13. Limitation of Liability

    The respective liabilities of Josys and Customer and its Tenants under this DPA shall be limited in accordance with the limitation of liability clause of the Agreement. For the avoidance of doubt, Josys’ total liability for all claims from the Customer and all of its Tenants arising out of or related to the Agreement and DPA shall apply in the aggregate for all claims by Customer and all of its Tenants under both the Agreement and DPA, and, in particular, shall not be construed to apply individually and severally to Customer and/or to any Tenant, regardless of whether or not Tenant is a contractual party to the Agreement andDPA.

14. Termination

    This DPA shall continue in full force until the expiration or termination of the Agreement or until Josys is no longer Processing any Personal Data of Customer.

15. Miscellaneous

    If there is a conflict between any provision in this DPA and any provision in the Agreement, this DPA shall control with regard to the subject matterof this DPA. Except for changes made by this DPA, the Agreement remains unchanged and in full force and effect.
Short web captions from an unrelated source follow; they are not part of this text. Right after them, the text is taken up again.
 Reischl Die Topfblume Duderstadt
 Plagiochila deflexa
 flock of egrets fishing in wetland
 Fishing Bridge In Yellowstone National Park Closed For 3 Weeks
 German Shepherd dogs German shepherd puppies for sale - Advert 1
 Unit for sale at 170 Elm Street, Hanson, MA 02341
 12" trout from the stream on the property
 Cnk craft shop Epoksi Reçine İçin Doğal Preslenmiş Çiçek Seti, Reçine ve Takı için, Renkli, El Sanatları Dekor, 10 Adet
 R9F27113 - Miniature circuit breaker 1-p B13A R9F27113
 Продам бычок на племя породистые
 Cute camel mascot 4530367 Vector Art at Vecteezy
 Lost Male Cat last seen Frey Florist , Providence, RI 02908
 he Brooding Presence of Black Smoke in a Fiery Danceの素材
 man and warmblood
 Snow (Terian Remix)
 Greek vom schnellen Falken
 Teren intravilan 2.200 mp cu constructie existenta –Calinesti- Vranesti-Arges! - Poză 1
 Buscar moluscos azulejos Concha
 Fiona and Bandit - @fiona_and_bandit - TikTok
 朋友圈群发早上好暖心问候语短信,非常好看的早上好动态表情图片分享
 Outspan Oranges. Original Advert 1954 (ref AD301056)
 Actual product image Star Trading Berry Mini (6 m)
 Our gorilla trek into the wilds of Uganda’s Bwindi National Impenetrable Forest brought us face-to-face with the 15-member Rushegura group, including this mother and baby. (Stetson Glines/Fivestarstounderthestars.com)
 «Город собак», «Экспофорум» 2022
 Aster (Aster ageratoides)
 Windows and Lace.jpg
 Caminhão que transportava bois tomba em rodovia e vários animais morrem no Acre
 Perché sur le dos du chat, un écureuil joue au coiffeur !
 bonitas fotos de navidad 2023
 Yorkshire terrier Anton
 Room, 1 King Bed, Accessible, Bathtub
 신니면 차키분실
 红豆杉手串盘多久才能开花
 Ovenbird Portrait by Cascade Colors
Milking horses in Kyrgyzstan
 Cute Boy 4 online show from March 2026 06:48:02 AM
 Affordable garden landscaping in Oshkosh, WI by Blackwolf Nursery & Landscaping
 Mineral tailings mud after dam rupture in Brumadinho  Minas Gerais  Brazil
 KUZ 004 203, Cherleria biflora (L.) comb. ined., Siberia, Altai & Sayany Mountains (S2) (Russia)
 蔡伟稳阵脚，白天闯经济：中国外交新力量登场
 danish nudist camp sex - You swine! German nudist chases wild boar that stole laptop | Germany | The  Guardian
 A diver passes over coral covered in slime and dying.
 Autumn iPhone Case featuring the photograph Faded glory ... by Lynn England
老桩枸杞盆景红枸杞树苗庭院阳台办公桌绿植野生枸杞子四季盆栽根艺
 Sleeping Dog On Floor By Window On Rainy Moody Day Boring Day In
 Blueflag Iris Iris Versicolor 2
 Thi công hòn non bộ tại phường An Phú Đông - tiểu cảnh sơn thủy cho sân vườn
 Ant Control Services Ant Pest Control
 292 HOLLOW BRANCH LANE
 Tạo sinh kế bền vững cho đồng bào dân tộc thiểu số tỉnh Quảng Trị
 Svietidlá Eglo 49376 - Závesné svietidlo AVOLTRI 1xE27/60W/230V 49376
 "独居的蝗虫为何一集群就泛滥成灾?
This DPA shall be governed by and construed in accordance with the laws of the country of territory stipulated for this purpose in the Agreement, and each of the Parties agrees to submit to the choice of jurisdiction as stipulated in the Agreement with respect to any claim or matter arising under this DPA. In case a necessary provision is missing, the Parties shall add an appropriate one in good faith. In case of conflict, the order of precedence in respect of the Processing of Personal Data shall be this DPA and then the Agreement. If the Standard Contractual Clauses are an integral part of this DPA, then the Standard Contractual Clauses shall prevail. This DPA supersedes and replaces all previous written and oral agreements, communications and other understandings relating to the subject matter of this DPA.